What you will do - Print the listing below verbatim, passing over each picture.

Given data -
========================================================================
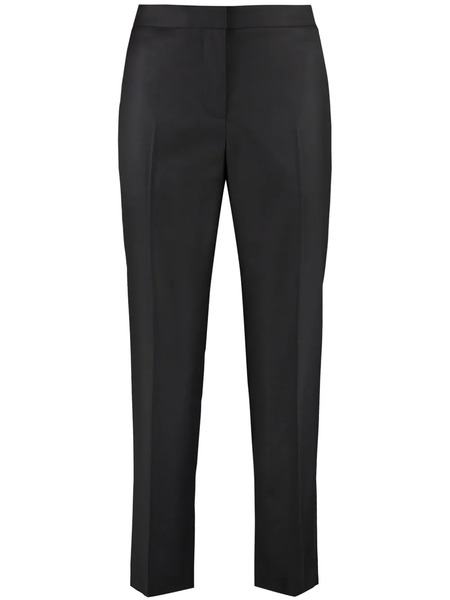  Alexander Mcqueen Tailored Cropped Trousers - Black 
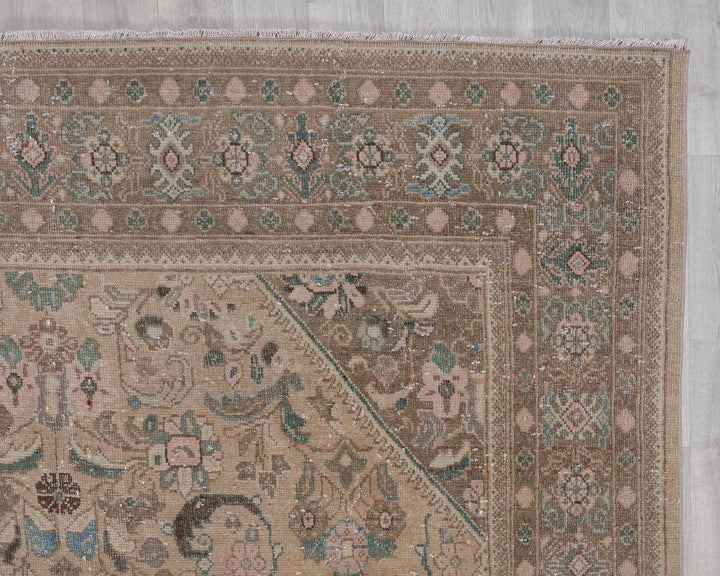 Multicolor Turkish Oushak Rug 7' 1" x 10' 1" Hand-Knotted | No. VR55871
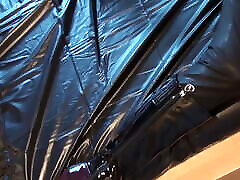 white panis xxx Danielle masturbating in Army catsuit with squirt giant mask and gloves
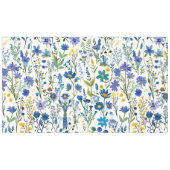 Rustieke Franse Blauwe Tuin Wildflowers Tafelkleed (Voorkant (Horizontaal))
========================================================================
Exercise solution -
  Alexander Mcqueen Tailored Cropped Trousers - Black 
 Multicolor Turkish Oushak Rug 7' 1" x 10' 1" Hand-Knotted | No. VR55871
 white panis xxx Danielle masturbating in Army catsuit with squirt giant mask and gloves
 Rustieke Franse Blauwe Tuin Wildflowers Tafelkleed (Voorkant (Horizontaal))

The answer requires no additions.